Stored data
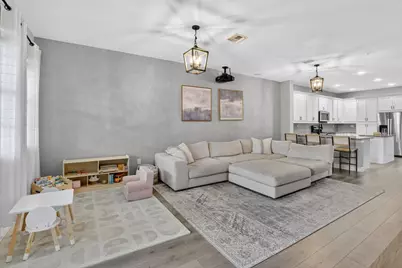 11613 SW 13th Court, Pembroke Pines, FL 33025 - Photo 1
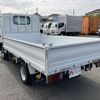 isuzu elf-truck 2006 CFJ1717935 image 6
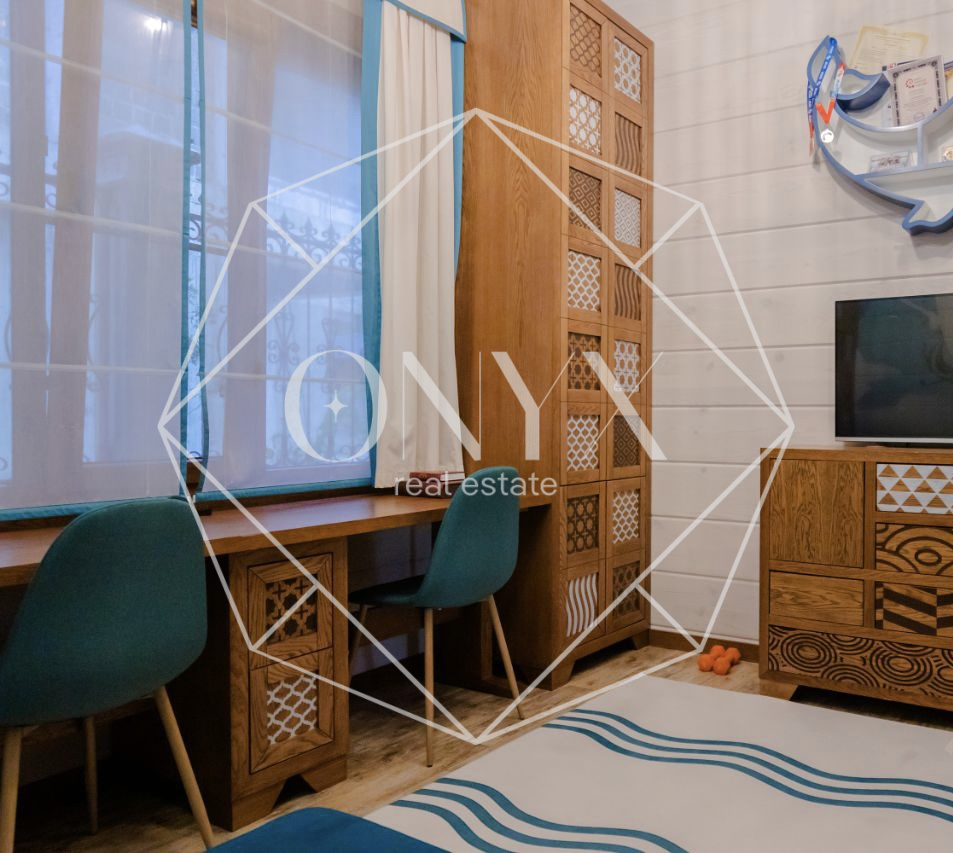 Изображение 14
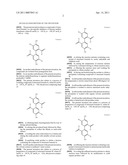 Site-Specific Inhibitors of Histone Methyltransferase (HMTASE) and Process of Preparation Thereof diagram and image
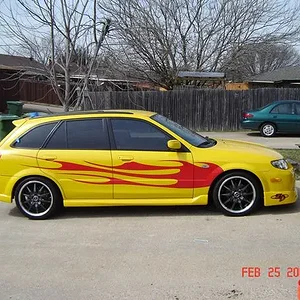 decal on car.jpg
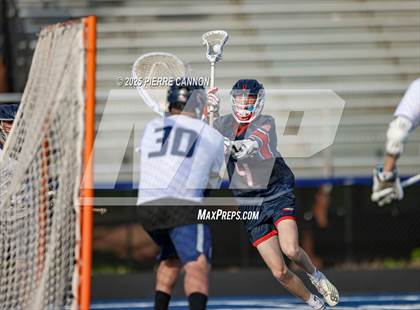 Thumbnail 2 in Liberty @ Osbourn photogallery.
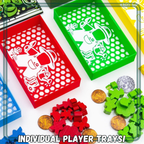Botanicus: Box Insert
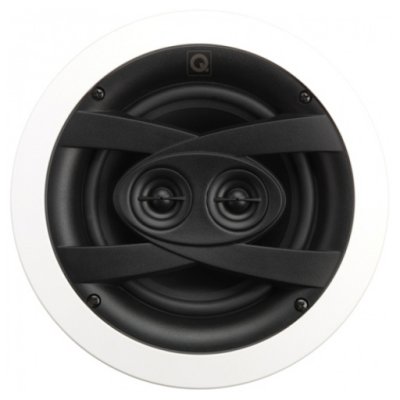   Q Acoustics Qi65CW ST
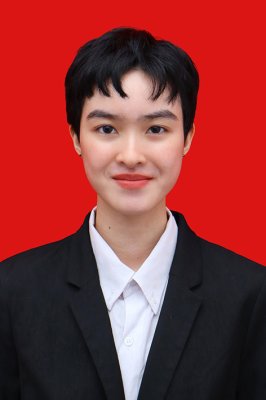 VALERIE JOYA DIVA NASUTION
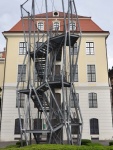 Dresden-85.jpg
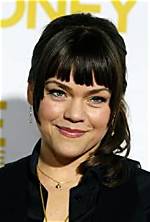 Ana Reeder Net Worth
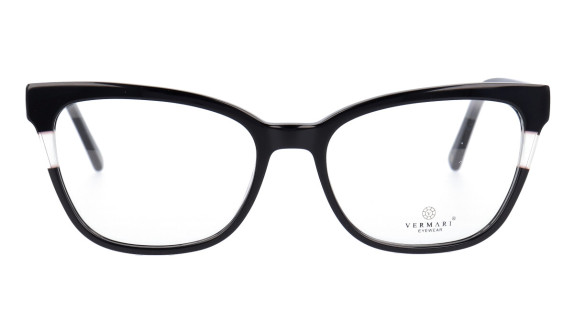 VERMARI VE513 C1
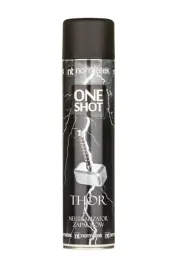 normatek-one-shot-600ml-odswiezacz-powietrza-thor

==

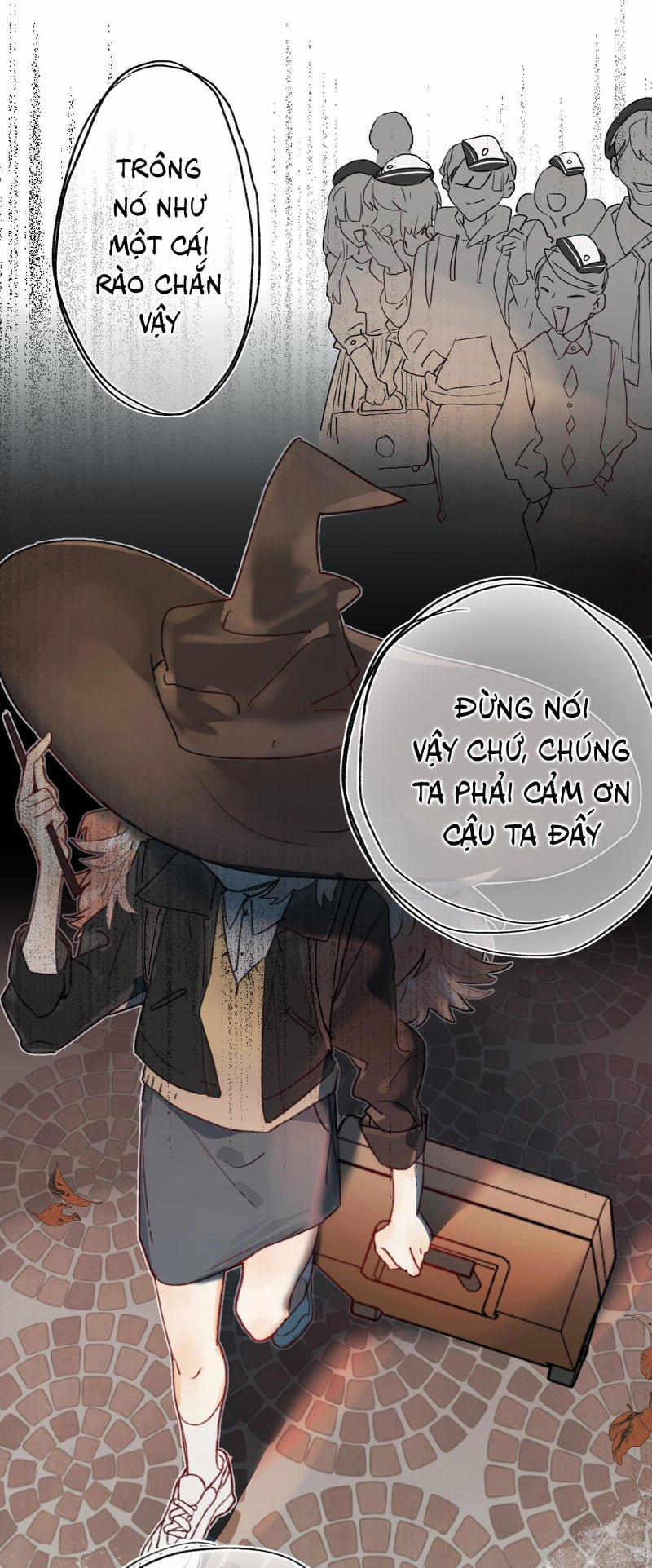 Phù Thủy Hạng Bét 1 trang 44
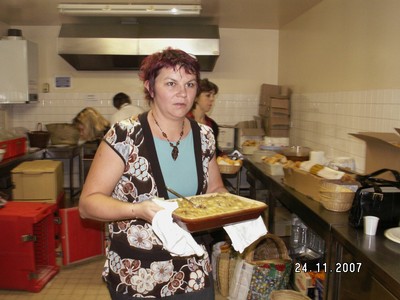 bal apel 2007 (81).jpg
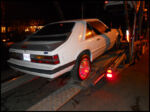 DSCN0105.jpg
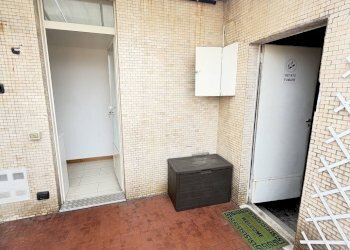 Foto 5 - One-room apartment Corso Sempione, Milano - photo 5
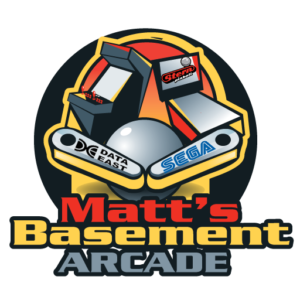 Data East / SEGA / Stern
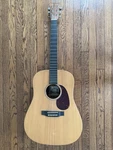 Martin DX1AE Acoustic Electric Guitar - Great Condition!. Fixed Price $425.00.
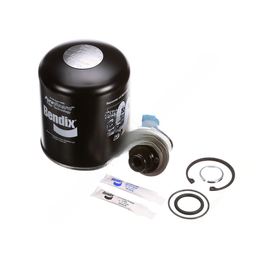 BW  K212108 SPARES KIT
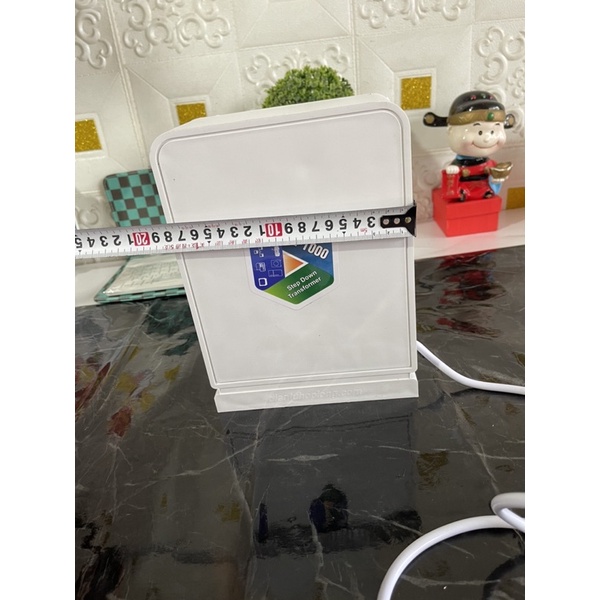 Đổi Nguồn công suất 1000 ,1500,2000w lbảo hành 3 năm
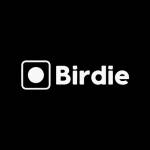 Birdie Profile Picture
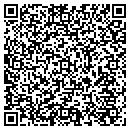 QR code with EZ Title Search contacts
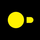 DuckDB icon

• _Exercise requirements_: Using the data above, retype exactly and only the lines from the one containing "11613 SW 13th" up to and including the one containing "normatek-one-shot-600ml-odswiezacz-powietrza-thor", with no pictures carried over.

• _Output below_:
 11613 SW 13th Court, Pembroke Pines, FL 33025 - Photo 1
 isuzu elf-truck 2006 CFJ1717935 image 6
 Изображение 14
 Site-Specific Inhibitors of Histone Methyltransferase (HMTASE) and Process of Preparation Thereof diagram and image
 decal on car.jpg
 Thumbnail 2 in Liberty @ Osbourn photogallery.
Botanicus: Box Insert
   Q Acoustics Qi65CW ST
 VALERIE JOYA DIVA NASUTION
 Dresden-85.jpg
 Ana Reeder Net Worth
 VERMARI VE513 C1
 normatek-one-shot-600ml-odswiezacz-powietrza-thor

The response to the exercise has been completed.